§ Task statement
Because the material must match the original, reproduce every line of it exactly.

§ Material for this exercise
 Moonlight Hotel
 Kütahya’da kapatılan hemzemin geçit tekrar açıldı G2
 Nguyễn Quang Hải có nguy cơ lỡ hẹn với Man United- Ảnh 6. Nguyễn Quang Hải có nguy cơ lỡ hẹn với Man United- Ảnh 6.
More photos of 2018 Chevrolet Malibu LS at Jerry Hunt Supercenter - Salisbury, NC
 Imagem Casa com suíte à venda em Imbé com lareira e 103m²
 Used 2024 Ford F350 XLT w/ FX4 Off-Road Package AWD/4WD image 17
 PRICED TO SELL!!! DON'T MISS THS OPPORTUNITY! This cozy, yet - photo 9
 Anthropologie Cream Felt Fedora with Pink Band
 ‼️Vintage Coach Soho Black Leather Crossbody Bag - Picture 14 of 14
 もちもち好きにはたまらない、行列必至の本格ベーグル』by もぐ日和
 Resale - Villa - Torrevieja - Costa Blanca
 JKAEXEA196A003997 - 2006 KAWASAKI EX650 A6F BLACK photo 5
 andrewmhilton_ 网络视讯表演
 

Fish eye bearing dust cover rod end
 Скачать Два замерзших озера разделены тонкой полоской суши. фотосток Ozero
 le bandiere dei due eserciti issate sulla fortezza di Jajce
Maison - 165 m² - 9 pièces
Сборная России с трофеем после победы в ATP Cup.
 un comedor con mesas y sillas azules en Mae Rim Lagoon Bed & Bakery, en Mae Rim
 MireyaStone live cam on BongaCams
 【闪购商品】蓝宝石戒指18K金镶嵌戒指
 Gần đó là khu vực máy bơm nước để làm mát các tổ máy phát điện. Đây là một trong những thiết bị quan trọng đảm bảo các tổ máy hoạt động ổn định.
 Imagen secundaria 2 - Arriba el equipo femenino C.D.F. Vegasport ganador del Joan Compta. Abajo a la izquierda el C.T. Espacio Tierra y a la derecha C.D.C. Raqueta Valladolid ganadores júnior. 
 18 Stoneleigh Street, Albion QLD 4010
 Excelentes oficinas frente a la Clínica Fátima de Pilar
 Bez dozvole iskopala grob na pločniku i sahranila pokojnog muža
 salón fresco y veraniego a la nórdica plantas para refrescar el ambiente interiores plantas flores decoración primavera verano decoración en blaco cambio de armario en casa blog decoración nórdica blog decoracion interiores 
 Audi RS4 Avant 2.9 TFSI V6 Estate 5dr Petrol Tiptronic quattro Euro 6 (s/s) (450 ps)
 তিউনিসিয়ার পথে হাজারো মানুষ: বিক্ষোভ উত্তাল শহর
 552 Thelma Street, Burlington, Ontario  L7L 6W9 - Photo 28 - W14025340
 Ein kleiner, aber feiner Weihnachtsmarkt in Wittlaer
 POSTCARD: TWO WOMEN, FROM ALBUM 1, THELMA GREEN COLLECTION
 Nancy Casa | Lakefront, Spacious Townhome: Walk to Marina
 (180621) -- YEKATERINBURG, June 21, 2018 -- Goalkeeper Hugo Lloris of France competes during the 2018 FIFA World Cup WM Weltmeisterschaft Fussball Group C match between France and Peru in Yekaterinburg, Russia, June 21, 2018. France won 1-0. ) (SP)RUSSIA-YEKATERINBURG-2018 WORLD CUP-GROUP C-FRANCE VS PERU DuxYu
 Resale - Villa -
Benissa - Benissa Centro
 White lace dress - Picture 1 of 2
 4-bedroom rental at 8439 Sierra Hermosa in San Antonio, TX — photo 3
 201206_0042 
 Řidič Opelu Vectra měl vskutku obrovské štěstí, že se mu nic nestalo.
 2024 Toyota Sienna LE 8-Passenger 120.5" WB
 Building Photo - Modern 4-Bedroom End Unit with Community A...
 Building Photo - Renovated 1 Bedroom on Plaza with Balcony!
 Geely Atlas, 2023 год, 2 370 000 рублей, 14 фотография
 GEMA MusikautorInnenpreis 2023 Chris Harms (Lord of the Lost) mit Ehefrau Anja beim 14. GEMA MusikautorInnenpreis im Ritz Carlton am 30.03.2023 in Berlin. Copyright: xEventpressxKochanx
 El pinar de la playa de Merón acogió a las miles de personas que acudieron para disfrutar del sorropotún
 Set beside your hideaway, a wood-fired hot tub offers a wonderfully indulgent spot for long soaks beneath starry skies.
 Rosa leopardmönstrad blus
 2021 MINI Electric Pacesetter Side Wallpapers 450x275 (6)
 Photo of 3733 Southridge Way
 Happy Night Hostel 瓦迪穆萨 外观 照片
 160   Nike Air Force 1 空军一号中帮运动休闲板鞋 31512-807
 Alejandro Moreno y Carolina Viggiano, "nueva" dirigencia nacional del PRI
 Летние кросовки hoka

§ Result
 Moonlight Hotel
 Kütahya’da kapatılan hemzemin geçit tekrar açıldı G2
 Nguyễn Quang Hải có nguy cơ lỡ hẹn với Man United- Ảnh 6. Nguyễn Quang Hải có nguy cơ lỡ hẹn với Man United- Ảnh 6.
More photos of 2018 Chevrolet Malibu LS at Jerry Hunt Supercenter - Salisbury, NC
 Imagem Casa com suíte à venda em Imbé com lareira e 103m²
 Used 2024 Ford F350 XLT w/ FX4 Off-Road Package AWD/4WD image 17
 PRICED TO SELL!!! DON'T MISS THS OPPORTUNITY! This cozy, yet - photo 9
 Anthropologie Cream Felt Fedora with Pink Band
 ‼️Vintage Coach Soho Black Leather Crossbody Bag - Picture 14 of 14
 もちもち好きにはたまらない、行列必至の本格ベーグル』by もぐ日和
 Resale - Villa - Torrevieja - Costa Blanca
 JKAEXEA196A003997 - 2006 KAWASAKI EX650 A6F BLACK photo 5
 andrewmhilton_ 网络视讯表演
 

Fish eye bearing dust cover rod end
 Скачать Два замерзших озера разделены тонкой полоской суши. фотосток Ozero
 le bandiere dei due eserciti issate sulla fortezza di Jajce
Maison - 165 m² - 9 pièces
Сборная России с трофеем после победы в ATP Cup.
 un comedor con mesas y sillas azules en Mae Rim Lagoon Bed & Bakery, en Mae Rim
 MireyaStone live cam on BongaCams
 【闪购商品】蓝宝石戒指18K金镶嵌戒指
 Gần đó là khu vực máy bơm nước để làm mát các tổ máy phát điện. Đây là một trong những thiết bị quan trọng đảm bảo các tổ máy hoạt động ổn định.
 Imagen secundaria 2 - Arriba el equipo femenino C.D.F. Vegasport ganador del Joan Compta. Abajo a la izquierda el C.T. Espacio Tierra y a la derecha C.D.C. Raqueta Valladolid ganadores júnior. 
 18 Stoneleigh Street, Albion QLD 4010
 Excelentes oficinas frente a la Clínica Fátima de Pilar
 Bez dozvole iskopala grob na pločniku i sahranila pokojnog muža
 salón fresco y veraniego a la nórdica plantas para refrescar el ambiente interiores plantas flores decoración primavera verano decoración en blaco cambio de armario en casa blog decoración nórdica blog decoracion interiores 
 Audi RS4 Avant 2.9 TFSI V6 Estate 5dr Petrol Tiptronic quattro Euro 6 (s/s) (450 ps)
 তিউনিসিয়ার পথে হাজারো মানুষ: বিক্ষোভ উত্তাল শহর
 552 Thelma Street, Burlington, Ontario  L7L 6W9 - Photo 28 - W14025340
 Ein kleiner, aber feiner Weihnachtsmarkt in Wittlaer
 POSTCARD: TWO WOMEN, FROM ALBUM 1, THELMA GREEN COLLECTION
 Nancy Casa | Lakefront, Spacious Townhome: Walk to Marina
 (180621) -- YEKATERINBURG, June 21, 2018 -- Goalkeeper Hugo Lloris of France competes during the 2018 FIFA World Cup WM Weltmeisterschaft Fussball Group C match between France and Peru in Yekaterinburg, Russia, June 21, 2018. France won 1-0. ) (SP)RUSSIA-YEKATERINBURG-2018 WORLD CUP-GROUP C-FRANCE VS PERU DuxYu
 Resale - Villa -
Benissa - Benissa Centro
 White lace dress - Picture 1 of 2
 4-bedroom rental at 8439 Sierra Hermosa in San Antonio, TX — photo 3
 201206_0042 
 Řidič Opelu Vectra měl vskutku obrovské štěstí, že se mu nic nestalo.
 2024 Toyota Sienna LE 8-Passenger 120.5" WB
 Building Photo - Modern 4-Bedroom End Unit with Community A...
 Building Photo - Renovated 1 Bedroom on Plaza with Balcony!
 Geely Atlas, 2023 год, 2 370 000 рублей, 14 фотография
 GEMA MusikautorInnenpreis 2023 Chris Harms (Lord of the Lost) mit Ehefrau Anja beim 14. GEMA MusikautorInnenpreis im Ritz Carlton am 30.03.2023 in Berlin. Copyright: xEventpressxKochanx
 El pinar de la playa de Merón acogió a las miles de personas que acudieron para disfrutar del sorropotún
 Set beside your hideaway, a wood-fired hot tub offers a wonderfully indulgent spot for long soaks beneath starry skies.
 Rosa leopardmönstrad blus
 2021 MINI Electric Pacesetter Side Wallpapers 450x275 (6)
 Photo of 3733 Southridge Way
 Happy Night Hostel 瓦迪穆萨 外观 照片
 160   Nike Air Force 1 空军一号中帮运动休闲板鞋 31512-807
 Alejandro Moreno y Carolina Viggiano, "nueva" dirigencia nacional del PRI
 Летние кросовки hoka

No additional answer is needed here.